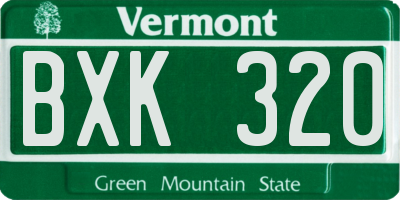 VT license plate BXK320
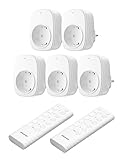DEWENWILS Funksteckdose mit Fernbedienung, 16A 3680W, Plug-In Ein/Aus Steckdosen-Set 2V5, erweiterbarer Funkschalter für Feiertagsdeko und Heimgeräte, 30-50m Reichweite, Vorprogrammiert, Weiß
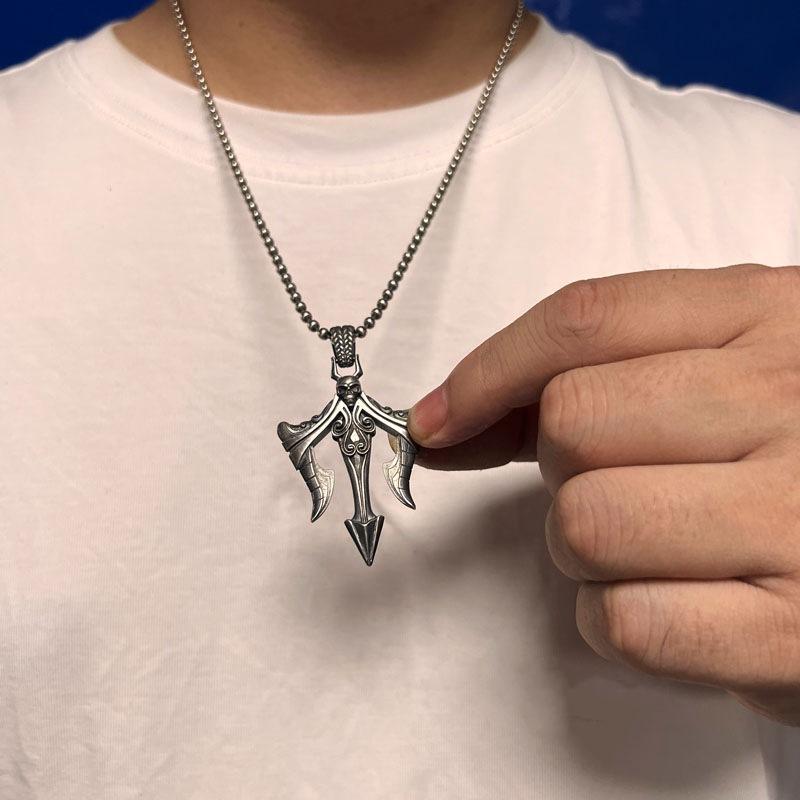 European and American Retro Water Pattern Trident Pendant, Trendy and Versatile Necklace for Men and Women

━━━━━━━━━━

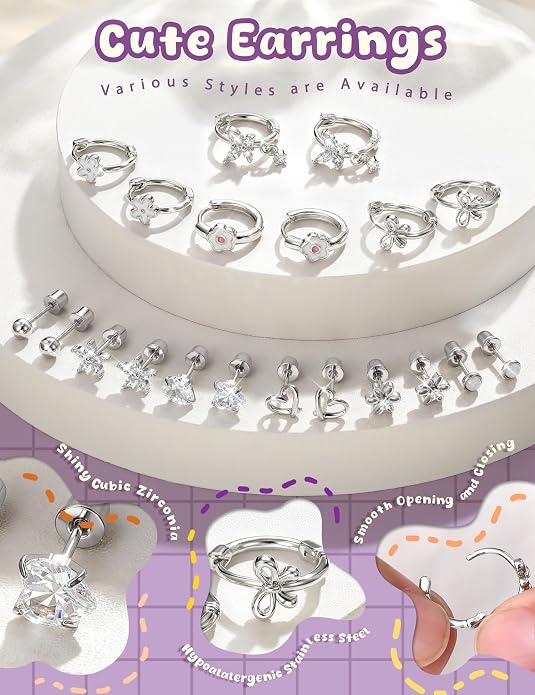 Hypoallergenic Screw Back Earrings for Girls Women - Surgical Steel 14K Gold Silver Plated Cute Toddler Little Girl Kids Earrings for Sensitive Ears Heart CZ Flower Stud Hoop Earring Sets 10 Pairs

━━━━━━━━━━

Exercise directions:
Exercise for the records above: copy only the lines from the one with "VT license plate BXK320" to the one with "European and American", both ends kept, and drop the pictures.

Result of this task:
 VT license plate BXK320
DEWENWILS Funksteckdose mit Fernbedienung, 16A 3680W, Plug-In Ein/Aus Steckdosen-Set 2V5, erweiterbarer Funkschalter für Feiertagsdeko und Heimgeräte, 30-50m Reichweite, Vorprogrammiert, Weiß
 European and American Retro Water Pattern Trident Pendant, Trendy and Versatile Necklace for Men and Women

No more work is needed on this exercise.